Am dritten Tag des Bachmann-Wettlesens in Klagenfurt zeigte sich das Feld der Favoriten deutlich konturierter. Bei sommerlicher Hitze und beständigem Publikumsandrang im schattigen Park lasen Nora Osagiobare, Almut Tina Schmidt, Tara C. Meiste und Boris Schumatsky – vier sehr unterschiedliche Texte, die jeweils eigene Schwerpunkte setzten. Osagiobare überzeugte mit einem gesellschaftssatirischen Text über Väter, Fernsehen und Verantwortung. Almut Tina Schmidt beobachtete das Nebeneinander in einem Mietshaus mit ruhiger Präzision. Tara C. Meiste verknüpfte biografische Elemente mit queerer Identität und Körpererinnerung. Boris Schumatsky ließ Kindheitserinnerungen aus dem postsowjetischen Raum in einer klaren, bildstarken Sprache aufscheinen.
Die Texte sind nachzulesen unter: https://bachmannpreis.orf.at/tags/texte2025/
und immer live dabei unter: https://www.3sat.de/kultur/tage-der-deutschsprachigen-literatur .
Hier gehts zu Tag 1 des Bachmann Preises!
Kindheitsbenzin – Boris Schumatsky
Kindheitsbenzin – Boris Schumatsky erzählt in seinem Bachmann-Text von einer Reise nach Moskau, die zugleich Flucht, Rückkehr und literarische Selbstvergewisserung ist. Der Erzähler sitzt im Flugzeug, mit einer Pentobarbital-Tablette in der Hosentasche – zur Sicherheit, falls man ihn verhaften sollte. Der Flug wird zur Reflexion über Herkunft, Sprache, politische Angst und familiäre Entfremdung.

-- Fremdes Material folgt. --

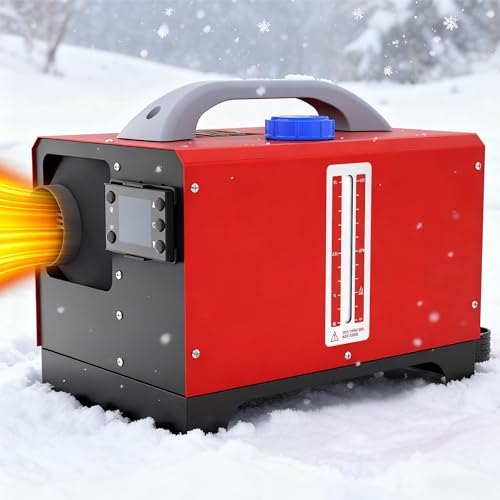 Suusolny 8 kW 12 V calefactor de estacionamiento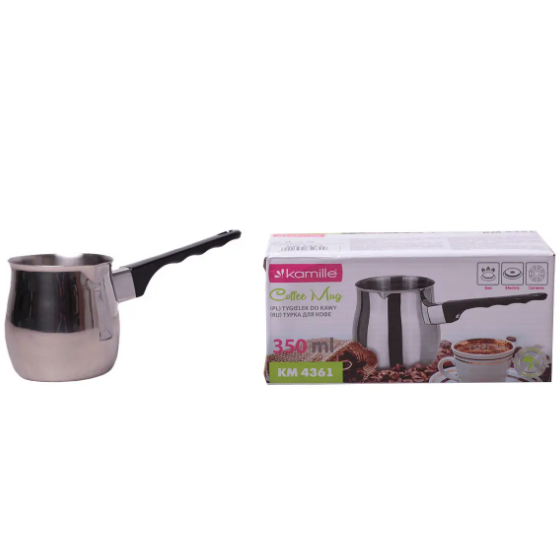 Турка 350мл 4361 KAMILLE Житомир - изображение 2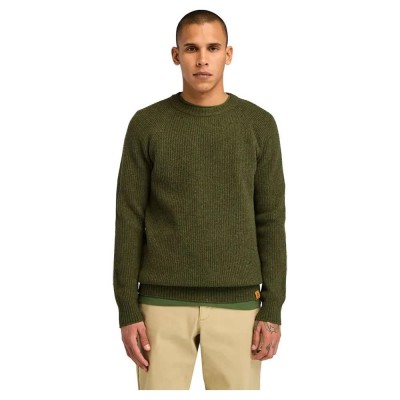 блуза,мъжки,пуловери,timberland,phillips,brook,raglan,sleeve,sweater,dark,olive,heather,(green)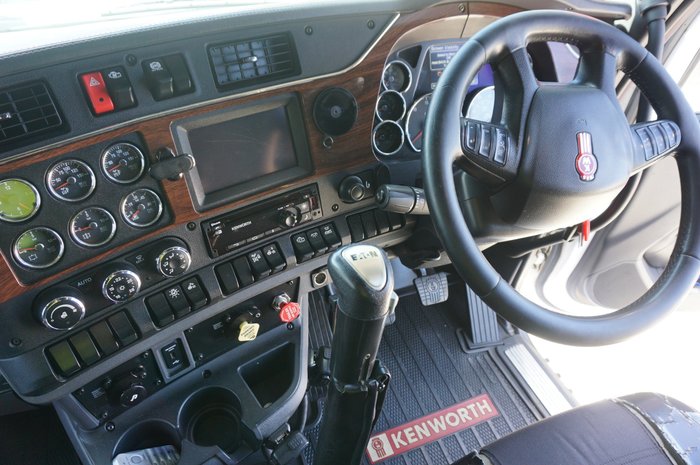 2019 Kenworth T610SAR T610SAR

Im Zentrum steht die Beziehung zur Mutter, die in einer Welt lebt, in der Wörter wie „Putin“ oder „Beerdigung“ aus Furcht nicht mehr ausgesprochen werden. Die russische Sprache selbst wird zur Bedrohung – und bleibt doch das Mittel, in dem sich Wahrheit sagen lässt. So steht der Flug auch für den Versuch, genau das auszuhalten: zwischen Erinnerung und Gegenwart, zwischen zwei Sprachen, die sich nicht auflösen lassen.
Ein dichter, vielschichtiger Text über Herkunft, Schuld, Sprache – und die Hoffnung, trotz allem noch anzukommen.
Tara C. Meiste: Wakashu
Tara C. Meister legt mit „Wakashu“ einen Text vor, der sich nichts Geringeres vornimmt, als die Versprachlichung des Unaussprechlichen: Nähe, Schmerz, weibliche Körpergeschichte. Ausgehend vom Bild eines verletzten Rehkitzes entfaltet sich eine Prosa, die mehr tastet als erzählt, mehr andeutet als erklärt – ein Text, der sich selbst misstraut und genau darin seine Kraft entfaltet.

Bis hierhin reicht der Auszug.